In fact, the first problem should include the condition "$\lambd \ne 0$" to be true (that is implied in the use of $1/\lambda$ but it should have been said.
There is a very simple proof that if $Ax= \lambda x$ (and $\lambda \ne 0$) then $A^T x= (1/\lambda) x$ that does not use "diagonal matrices" etc. but just the fact that $A^TA= I$.

Last edited: Jan 7, 2008
5. Jan 7, 2008

### Bertrandkis

Special thanks to Defennnder and Jim Kata for your contributions. HallsofIvy, I am not asking for people to do my homework for me, The first 3 exercises are from some notes I downloaded from the internet, the fourth question is from the book "Introductory Linear Algebra with Applications" by Bernard Kolman and it's not home work as you think.

I did not post my solution for the sake of keeping the post short and as you can see from my post,I am strugling to format the mathematical notations.
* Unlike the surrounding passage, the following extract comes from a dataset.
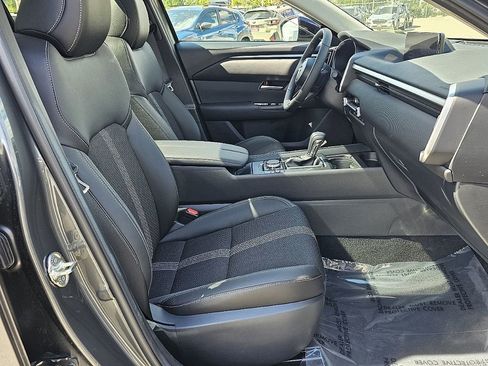 New 2026 MAZDA CX-50 AWD 2.5 S w/ Preferred Pkg image 17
I will appreciate if u could point me toward theorems or give clues that will lead to the solution. In your 2 replies to my posts, it's sounds like you are rebuking me, and that is not needed.

6. Jan 7, 2008

### malawi_glenn

Jim Kata and Bertrandkis: read and follow the rules, it is sipmle, just as HallsofIvy said.

7. Jan 7, 2008

### CompuChip

Is the fourth question even true?
In any case it is true that
$$B^{-1} A v = A B^{-1} v + [B^{-1}, A] v = \lambda v + [B^{-1}, A] v$$
if all the matrix products exist, where [A, B] = A B - B A denotes the commutator, so in first instance I'd only expect the statement to be true if A and B^(-1) commute or any eigenvector of B^{-1}A is also an eigenvector of the commutator.

8. Jan 7, 2008

### Defennder

What's a commutator? Doesn't $$AB^{-1}(Ax) = \lambda(Ax)$$ show they have the same eigenvalues?

9. Jan 8, 2008

### Jim Kata

In doing such aren't you assuming $${\mathbf{A}} \in O\left( n \right)$$. I didn't see any mention of that in the question. I think it's just saying $${\mathbf{A}}\in Gl\left( n \right)$$. I guess I was wrong in assuming that all non singular matrices are diagonalizable by their eigenvectors, but since the question explicitly mentions eigenvalues in the question I think it's fair to assume that in this case the matrix is diagonalizable by its eigenvectors.

10. Jan 8, 2008

### morphism

For 3, it's not too hard to prove that |det(A)| is the absolute value of the constant term of the characteristic polynomial of A. Why does this help?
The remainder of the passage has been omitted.